'''
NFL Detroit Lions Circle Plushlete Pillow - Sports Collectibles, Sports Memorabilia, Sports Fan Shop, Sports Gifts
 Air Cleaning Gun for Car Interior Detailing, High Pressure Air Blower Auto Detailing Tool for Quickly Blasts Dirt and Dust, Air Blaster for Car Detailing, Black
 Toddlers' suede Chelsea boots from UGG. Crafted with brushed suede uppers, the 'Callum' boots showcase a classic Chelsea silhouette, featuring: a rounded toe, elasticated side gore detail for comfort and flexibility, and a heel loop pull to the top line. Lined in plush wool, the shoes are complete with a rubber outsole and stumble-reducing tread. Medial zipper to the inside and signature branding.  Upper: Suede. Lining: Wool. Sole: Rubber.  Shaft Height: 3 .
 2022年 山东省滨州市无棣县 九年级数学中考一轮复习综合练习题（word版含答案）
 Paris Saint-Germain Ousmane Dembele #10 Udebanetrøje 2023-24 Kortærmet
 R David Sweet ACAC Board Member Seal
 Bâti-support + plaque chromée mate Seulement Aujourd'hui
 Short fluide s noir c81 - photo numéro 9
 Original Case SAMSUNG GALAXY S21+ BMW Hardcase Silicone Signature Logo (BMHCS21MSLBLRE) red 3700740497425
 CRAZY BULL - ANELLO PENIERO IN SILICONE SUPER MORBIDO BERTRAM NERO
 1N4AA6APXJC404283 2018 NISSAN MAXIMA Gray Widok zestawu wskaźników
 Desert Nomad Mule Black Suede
'''
» HOW TO COMPLETE THIS TASK: Only the lines from the one holding "Short fluide s noir c81 - photo numéro 9" to the end of the listing are to be written out, word for word.

» TASK OUTPUT:
 Short fluide s noir c81 - photo numéro 9
 Original Case SAMSUNG GALAXY S21+ BMW Hardcase Silicone Signature Logo (BMHCS21MSLBLRE) red 3700740497425
 CRAZY BULL - ANELLO PENIERO IN SILICONE SUPER MORBIDO BERTRAM NERO
 1N4AA6APXJC404283 2018 NISSAN MAXIMA Gray Widok zestawu wskaźników
 Desert Nomad Mule Black Suede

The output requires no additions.